WHEN Pamela Epps went to an opera performance 70 years ago she hardly imagined it would start a habit of a lifetime.
But after experiencing the first Edinburgh Festival in 1947, she has been back every year since,
Now aged 90, the culture-loving former doctor, who lives in Barnton, is preparing to return to the Festival in its 70th year.
Her remarkable feat of cultural allegiance over the last seven decades began with the Macbeth opera, the very first to be performed at the then newly established Festival.
“It made my head explode,” explained Dr Epps, a former GP in Newington who still remembers the very first sound that hooked her for life.
“I had never been to an opera before and when the actress began to sing it blew me away.
“My mind was blown because of that wonderful woman – she sung so effortlessly, such a pure sound came out as she performed.”
Her first experience sparked a love of not only opera but for championing the arts in her hometown which has endured every year since.
She and her mother continued to buy tickets for “lots of different shows” in the following years.

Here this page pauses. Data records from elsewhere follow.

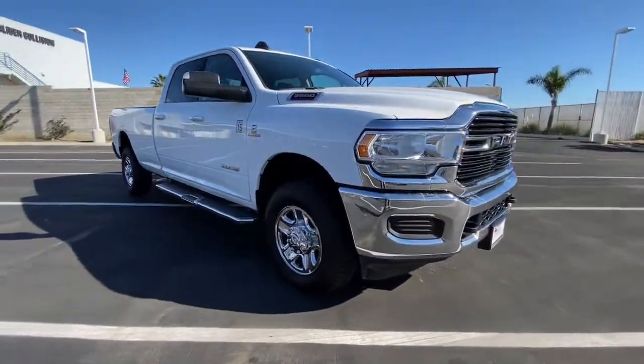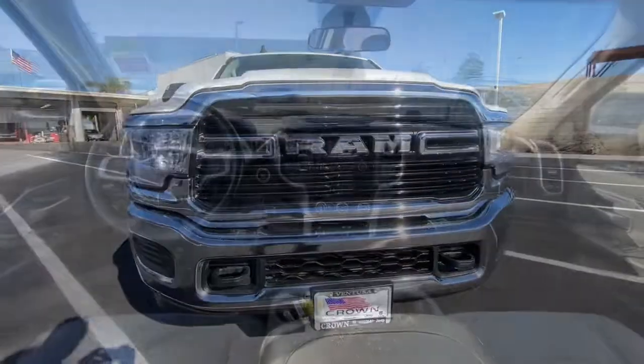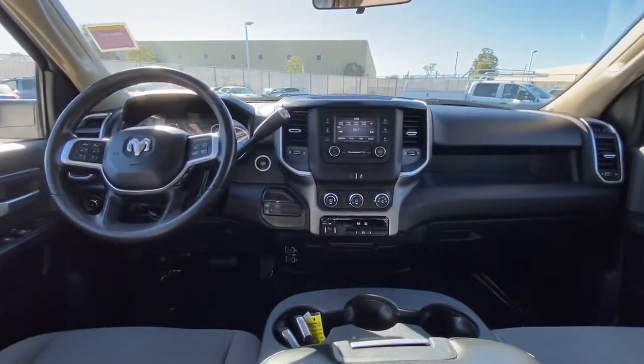Meet us at the intersection of style and efficiency. Come in for a fun and easy test drive. Our team will make it the best part of your day.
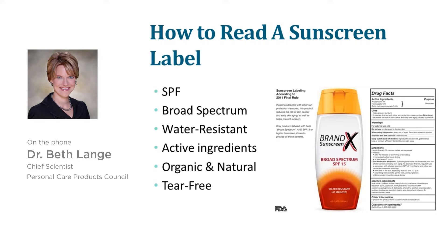You need broad spectrum to protect against both UVA — the aging rays — and UVB — the burning rays. Only products labeled with broad spectrum and SPF 15 or higher are really shown to reduce the risk of skin cancer and early skin aging, and help against sunburn.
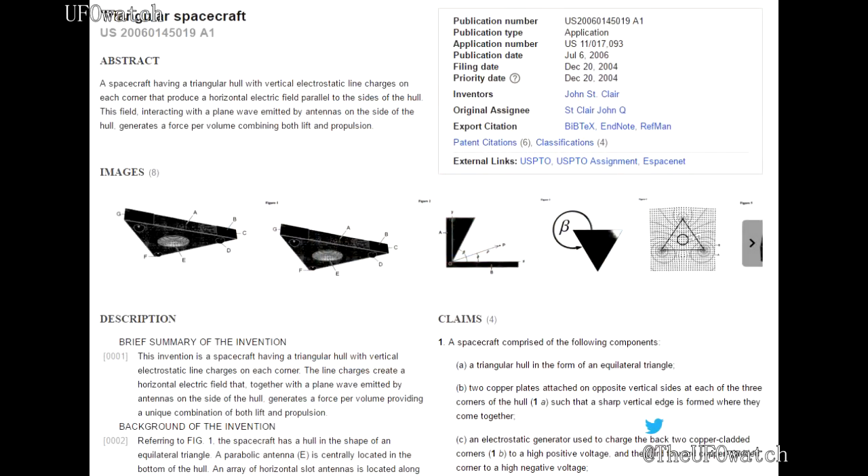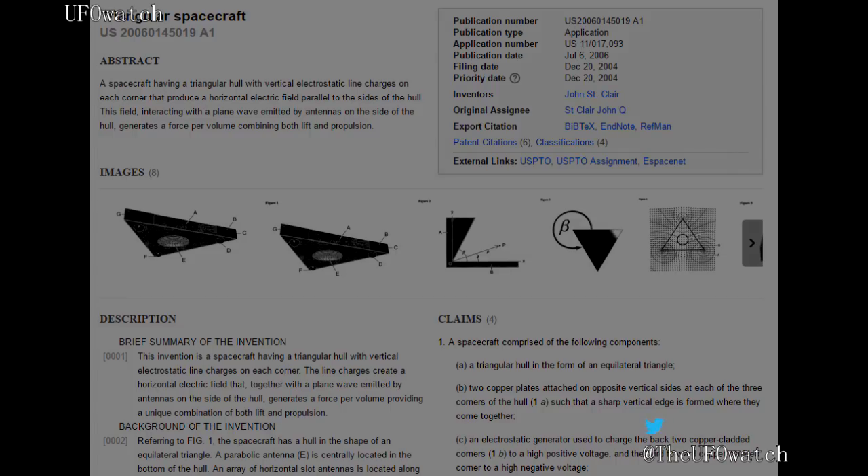Corey Goode from YouTube points out a discovery of a patent that shows the infamous triangular spacecraft known in the UFO community as the TR-3B. Research shows that the inventor, John St. Clare, has also developed and patented a new type of propulsion system called a rotating electrostatic propulsion system.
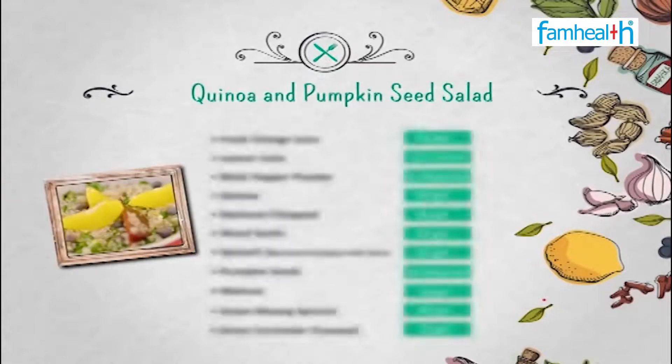And this is our 100% super duper nutritious quinoa salad — quinoa, vegetables, fruits, nuts. Health on the plate! What else do you want? Keep eating and stay healthy. Please follow us.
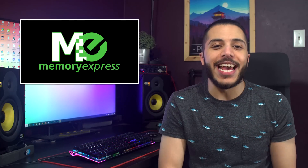Before we start, let me just give a huge thanks to our sponsor, Memory Express. They're our day one sponsor, they're based here in Canada,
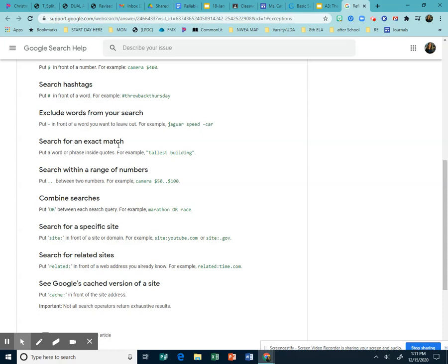Search for an exact match by putting quotation marks around exactly what you're looking for — like 'tallest building.' Search within a range of numbers, for example 'camera $50..$100.' Put OR between search terms, for example 'marathon OR race.' You can also type 'site:' followed by a domain to search within a specific site or domain type, like a YouTube site or a government site — especially handy for finding reliable sources.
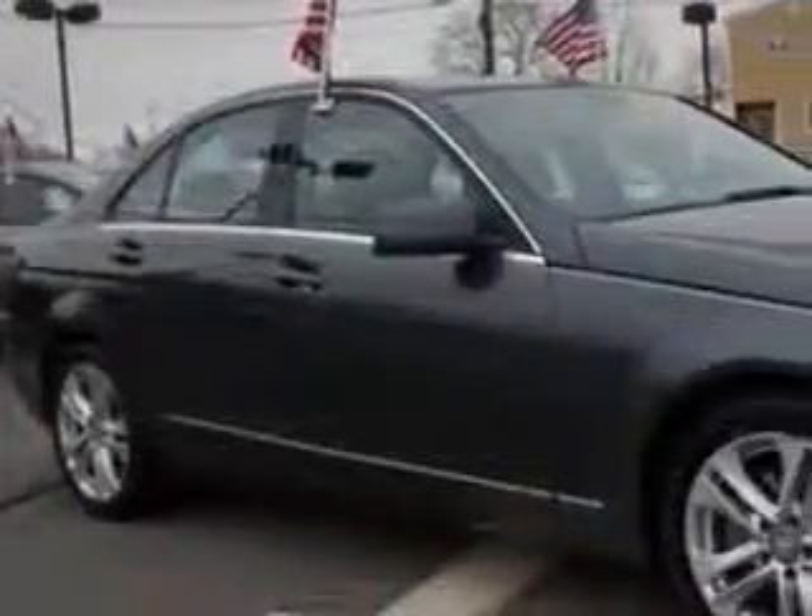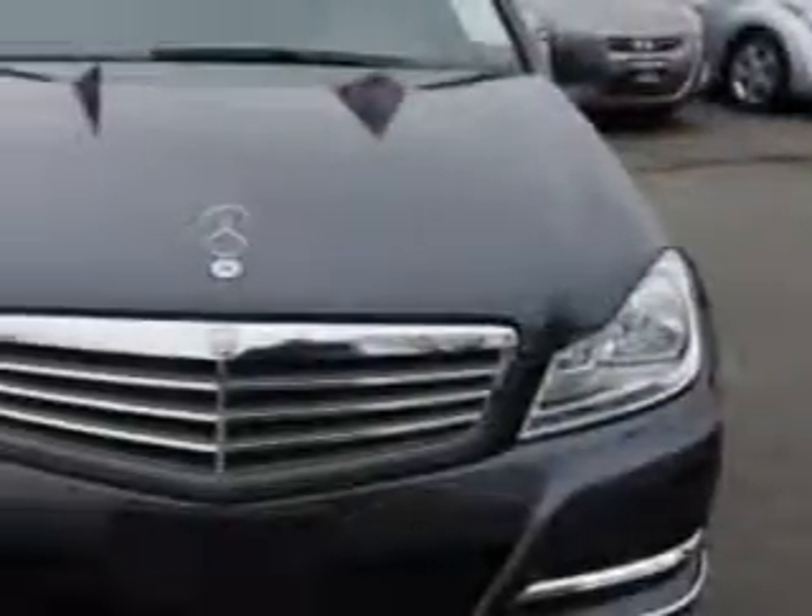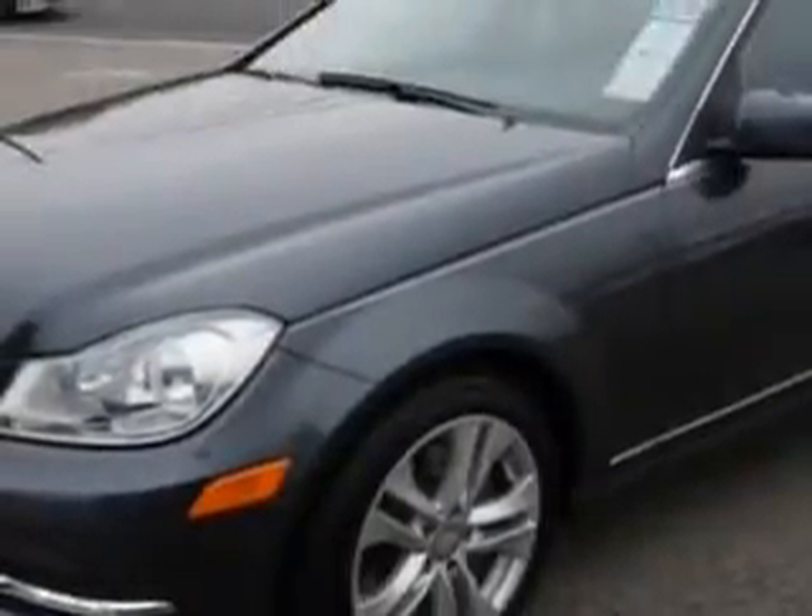Imagine driving this steel-gray metallic 2013 Mercedes-Benz C-Class All-Wheel Drive, equipped with a 6-cylinder engine and an automatic transmission. Enjoy this great car with features like:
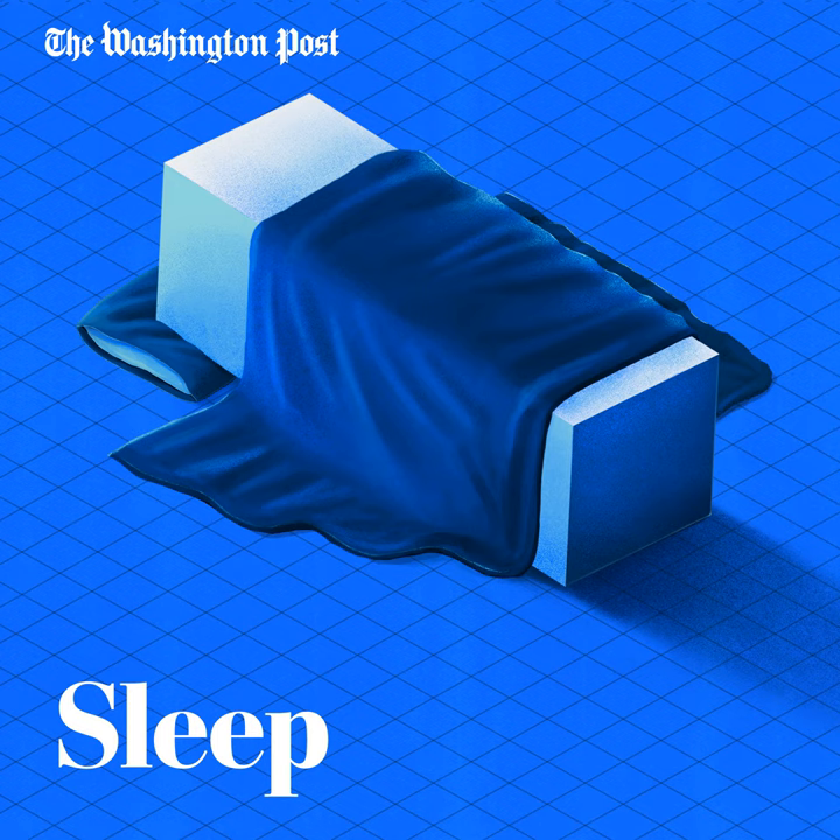I know that sounds counterintuitive if you're thinking: what? But I'm exhausted. Sleep drive is an appetite for sleep. It grows throughout the day, peaks late at night, and then dissipates quickly once you fall asleep, like when you eat a meal and are no longer hungry.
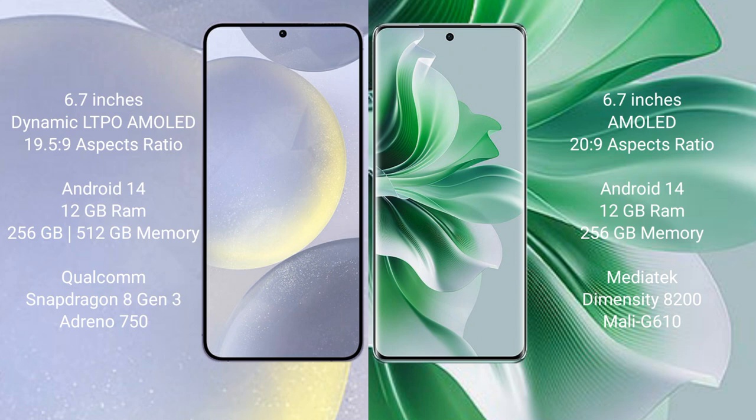Samsung Galaxy S24 Plus runs on the Android 14 operating system. Oppo Reno 11 Pro also runs on the Android 14 operating system.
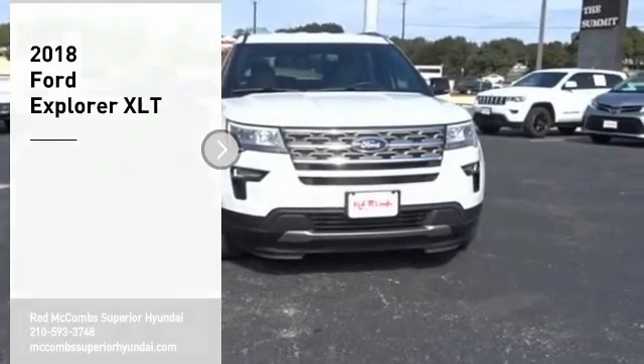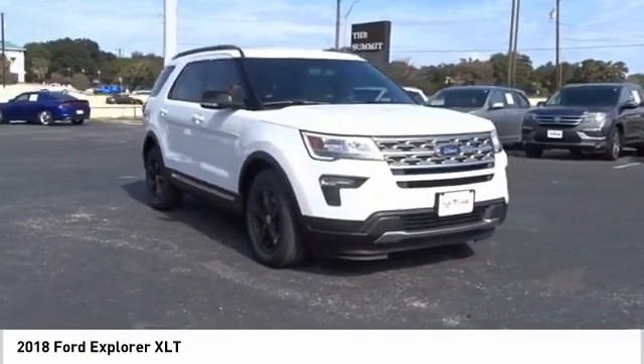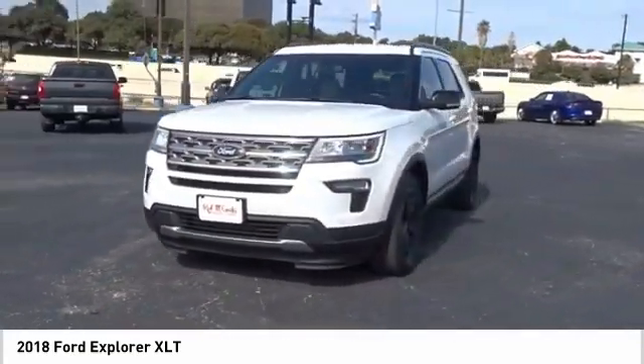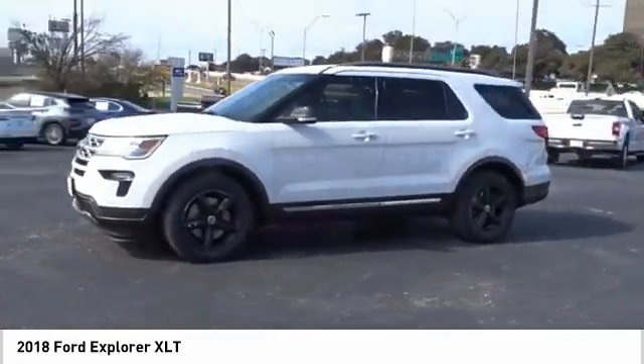Looking for the right vehicle? Check out the 2018 Explorer. You've got a lot of capabilities to call on in a Ford Explorer. Don't underestimate your choices. This beauty will make even your house keys jealous. Drive it today!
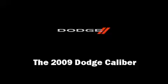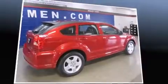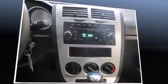Here's a great deal on a 2009 Dodge Caliber. This four-door, five-passenger hatchback is still under 75,000 miles. It features an automatic transmission, front-wheel drive, and a two-liter four-cylinder engine.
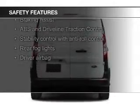Safety features include fog lights, curtain head airbags, side airbags, brake assist, traction control, and stability control.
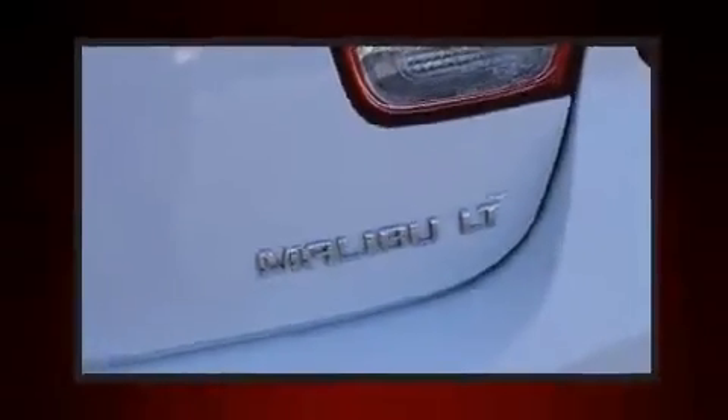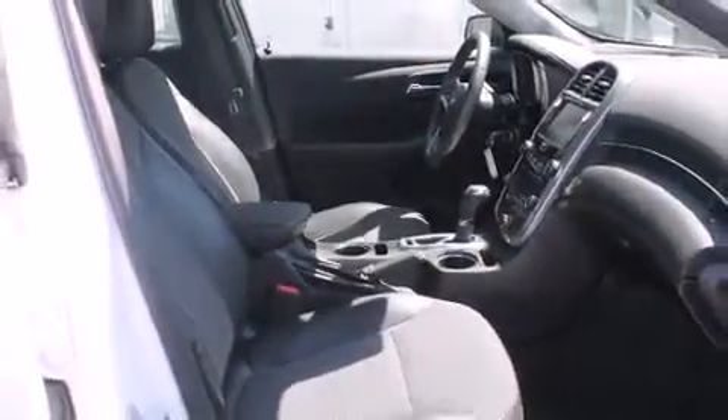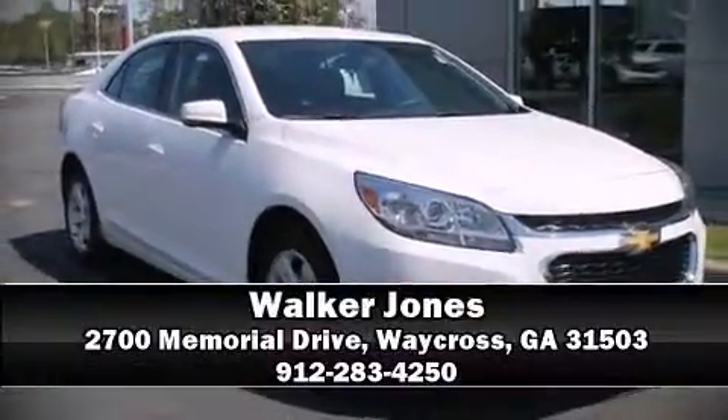A Carfax history report indicates just one previous owner. Our sales reps are knowledgeable and professional — we are here to help you.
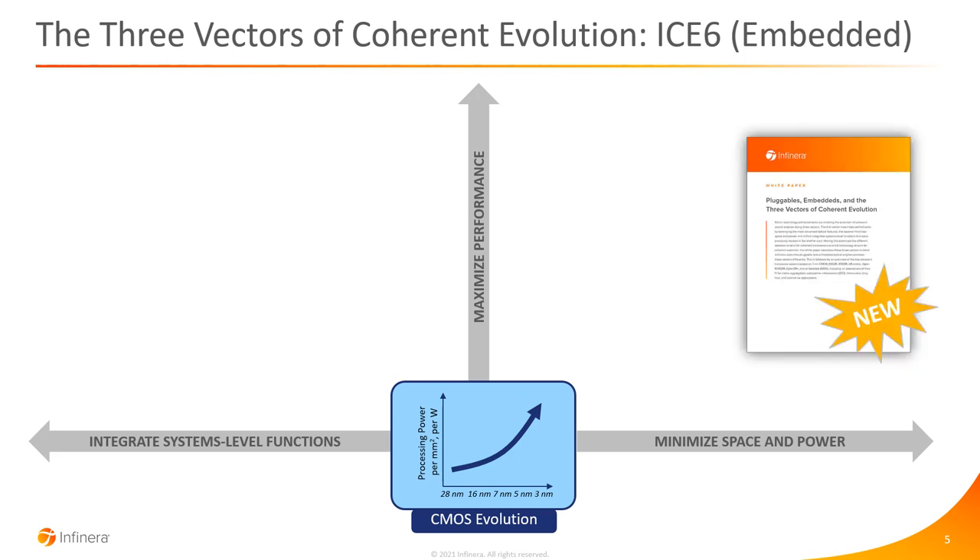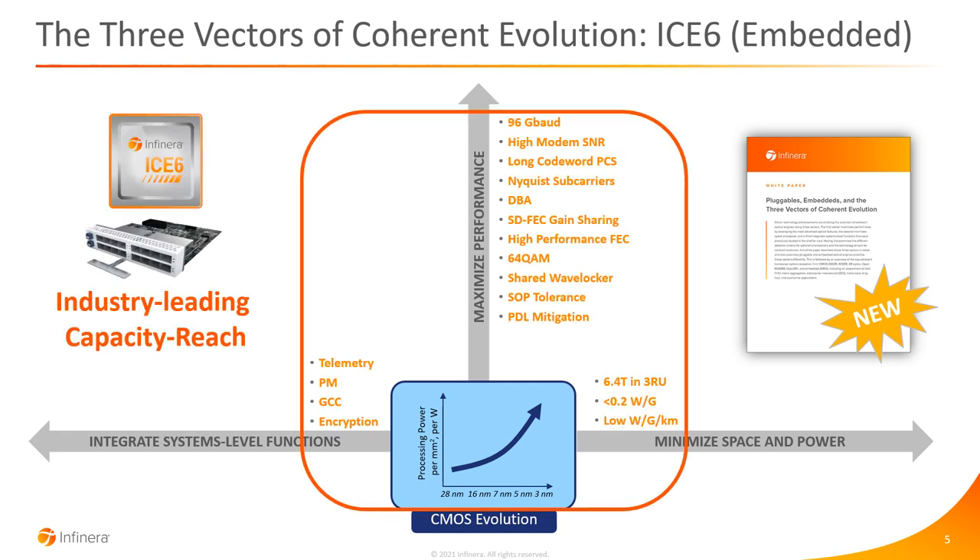There's a detailed new Infinera white paper that goes into a lot of detail on this. To give one example, with the i6 embedded optical engine and embedded optical engines in general, we are really maximising performance with a powerful digital ASIC, putting in ultra-high baud rates and advanced features. There are some reductions in power and footprint and some advanced systems-level functions, but the focus really is on maximising performance and putting in the advanced optical features.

She said: “My mum and I continued going to shows each year. She went every year until she died.”
Over the years the variety of acts on the bill has increased as well as the diversity of performers.
But the festival-lover has had to cut back on the number of acts she sees each year.
“At some stage you have to slow down, and the expense mounts up as well if you go to lots in one year.”
But she is celebrating the 70th anniversary by re-visiting the production which launched her love affair with opera.
“We are going to see the Macbeth opera in the Festival Theatre.”
Dr Epps said although she knows what she loves – opera, theatre and classical productions – she has tried new genres over the years.
“I have never been shocked by a show but I have to admit I can’t get my head around modern music really – I’ve tried but it’s just not for me.”
Dr Epps’ enthusiasm and dedication to the city’s festival season has rubbed off on her children who have also passed the tradition on to their children.
“We saw so much from a young age,” her daughter Viv explained. “We saw performances by Kenneth Branagh and Emma Thompson, Shakespeare plays and even Greek tragedy The Bacchae with Alan Cummings in it.”
And it is not only her mother’s continuing passion for the city’s month-long culture injection that her family admires but also her vivacity later in life.
She said: “Mum was an old fashioned, inner-city, single-handed GP who started practising the year the NHS came in.
“She was well known in the city and very well respected, retiring 28 years ago.”
At her practice on Rankeillor Street she worked on a strict self-devised system of care for drug addiction lauded by Lothian Police at the time.
“And to this day mum’s mind is sharp. If I have half the brain she does at her age I will be delighted,” Viv added.